Paul continued in the book of Ephesians in chapter 3 to describe our response to the radical love of God. Verses 17-19 say, “I pray that you, being rooted and firmly established in love, may be able to comprehend with all the saints what is the length and width, height and depth of God’s love, and to know the Messiah’s love that surpasses knowledge, so you may be filled with all the fullness of God.” This is a charge that should occupy much more of our time than it does. God loves us as far as the east is from the west, farther than the north is from the south, beyond the moon, and deeper than the Mariana Trench. It should blow our minds all the time because He loves us so much. This is what it means to say that God is love. He loves you and He loves me.

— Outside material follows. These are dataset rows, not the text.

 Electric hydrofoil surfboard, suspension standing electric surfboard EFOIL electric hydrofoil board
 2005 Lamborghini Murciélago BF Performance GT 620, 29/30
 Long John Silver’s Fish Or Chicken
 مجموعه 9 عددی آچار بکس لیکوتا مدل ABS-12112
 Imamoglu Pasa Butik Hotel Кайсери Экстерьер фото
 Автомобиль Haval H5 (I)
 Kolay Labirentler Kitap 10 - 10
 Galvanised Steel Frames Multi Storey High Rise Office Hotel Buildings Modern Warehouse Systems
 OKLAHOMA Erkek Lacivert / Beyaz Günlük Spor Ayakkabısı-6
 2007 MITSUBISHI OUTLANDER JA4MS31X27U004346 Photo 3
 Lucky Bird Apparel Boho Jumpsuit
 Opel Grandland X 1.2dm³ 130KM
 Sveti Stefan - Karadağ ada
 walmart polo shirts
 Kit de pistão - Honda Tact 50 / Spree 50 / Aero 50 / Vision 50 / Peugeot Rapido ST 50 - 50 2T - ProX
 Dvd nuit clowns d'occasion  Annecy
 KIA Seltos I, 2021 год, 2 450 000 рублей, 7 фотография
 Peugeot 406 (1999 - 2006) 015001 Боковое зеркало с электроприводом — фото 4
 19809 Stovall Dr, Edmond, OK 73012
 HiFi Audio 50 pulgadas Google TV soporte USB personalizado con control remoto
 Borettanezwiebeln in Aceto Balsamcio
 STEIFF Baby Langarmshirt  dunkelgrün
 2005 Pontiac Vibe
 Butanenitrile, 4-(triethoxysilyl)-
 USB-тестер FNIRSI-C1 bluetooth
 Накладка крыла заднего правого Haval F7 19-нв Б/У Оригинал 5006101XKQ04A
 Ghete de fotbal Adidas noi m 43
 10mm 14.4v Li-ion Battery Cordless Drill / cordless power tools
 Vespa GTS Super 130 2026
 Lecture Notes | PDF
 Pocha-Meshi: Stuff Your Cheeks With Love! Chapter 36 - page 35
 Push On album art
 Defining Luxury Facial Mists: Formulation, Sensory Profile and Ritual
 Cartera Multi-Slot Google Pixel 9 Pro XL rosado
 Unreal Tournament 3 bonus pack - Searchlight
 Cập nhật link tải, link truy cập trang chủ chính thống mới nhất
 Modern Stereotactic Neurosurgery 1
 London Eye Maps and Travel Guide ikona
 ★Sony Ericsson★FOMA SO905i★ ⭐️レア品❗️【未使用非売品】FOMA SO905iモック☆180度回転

“But how do I know that?” you ask. Both Paul and John answer that question. The beginning of 1 John 3:16 says, “This is how we have come to know love: He laid down His life for us.” Romans 5:8 and 8:32 make very clear the extent to which God loves us: “But God proves His own love for us in that while we were still sinners Christ died for us! . . . He did not even spare His own Son, but offered Him up for us all; how will He not also with Him grant us everything?” We will look more in depth in the upcoming posts at what this means for our lives, but for now the Bible is clear that God loves you.

If you want to know how to know that He loves you, I would point you back to 1 John 4:15. God is love, so He sent His Son to die on the cross as the sacrifice to cover all of our lack of love (SIN). However, it’s not a free for all. There is a condition on this love. Faith is required. This faith leads to a confession. That confession is laid out clearly in 1 John 4:15: “Whoever confesses that Jesus is the Son of God—God remains in him and he in God.” Or, put slightly differently, “Whoever confesses, ‘Jesus is the Son of God’—God remains in him and he in God.” The confession is that Jesus is the Son of God. The confession is that Jesus is who He claimed to be. The confession is that Jesus is the most worthy being in the universe of our love and affection, and all else is a cheap imitation.

So the question I leave you with is, “Is this your confession? Do you know the love of God?” If not, make that your confession! I plead with you.